The slip members 29 and 30 have respective inner inclined surfaces which are engaged by the respective outer inclined surfaces of an expander member 54 which is movable vertically within the sub 31 from an upper position, as shown, where the slips are retracted, to a lower position where they are shifted transversely outwardly through the windows 46 and 47. To provide for a uniquely wide range of anchoring diameters, a rear portion of one slip member 30 is provided with a cavity that is adapted to receive a rear portion of the other slip member 29 when the members are in retracted position. In this manner, the rear portions of each slip member overlap one other in such position, or, in other words, the inclined expander surfaces thereof extend beyond the center line of the anchor sub 31. Accordingly, as the expander member 54 is advanced downwardly from its uppermost position as shown in FIG. 2B, the slip elements 29 and 30 can be extended laterally outwardly by a significantly greater amount than was heretofore possible while maintaining adequate contact area between the expander member and the slip members to properly support them in contact with the well bore wall. Moreover, a length of contact can be maintained adequate to prevent binding of the dovetail spline and groove couplings between the expander member and the respective slip members as will be described more fully below.

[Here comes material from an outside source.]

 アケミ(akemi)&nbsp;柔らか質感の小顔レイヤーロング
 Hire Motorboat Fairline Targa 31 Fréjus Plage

As shown in side section in FIG. 3 and in rear view in FIG. 4, the recessed slip member 30 has a rectangular cavity 58 formed in the rear thereof, with the inner wall 59 of the cavity being inclined with respect to vertical by an angle of about 15.degree.. A "dovetail" spline groove 60 is provided along the rear face of the slip element 30 with the bottom surface 61 of the groove intersecting the rear wall 59 of the cavity 58 at approximately the midportion of the slip body. Side walls 62 and 63 of the groove 60 are inclined inwardly and outwardly in a typical manner, whereby additional bottom surfaces 64 and 65 extend along either side of the cavity 58 over the lower portion of the slip body. The bottom surface 61 and the surfaces 64 and 65 provide ample bearing area for the expander 54 in the expanded position of the slip member 30. The opposite slip member 29 as shown in side section in FIG. 5 and in bottom view in FIG. 6, has an outwardly projecting portion 68 to the rear thereof with a transverse dimension sized to fit within the cavity 58 of the recessed slip member 30. A "dovetail" spline rib 69 extends for the full length of the back of the slip member 29, and has inwardly inclined side walls 70 formed in a typical manner. The outer wall surface 70 of the spline rib 69 provides an expander contact surface with ample area. The rearwardly facing walls 71 and 72 extending to either side of the splined portion 68 are appropriately shaped and arranged to interfit with the wall surfaces 73 and 74 of the recessed slip member 30 in the retracted position.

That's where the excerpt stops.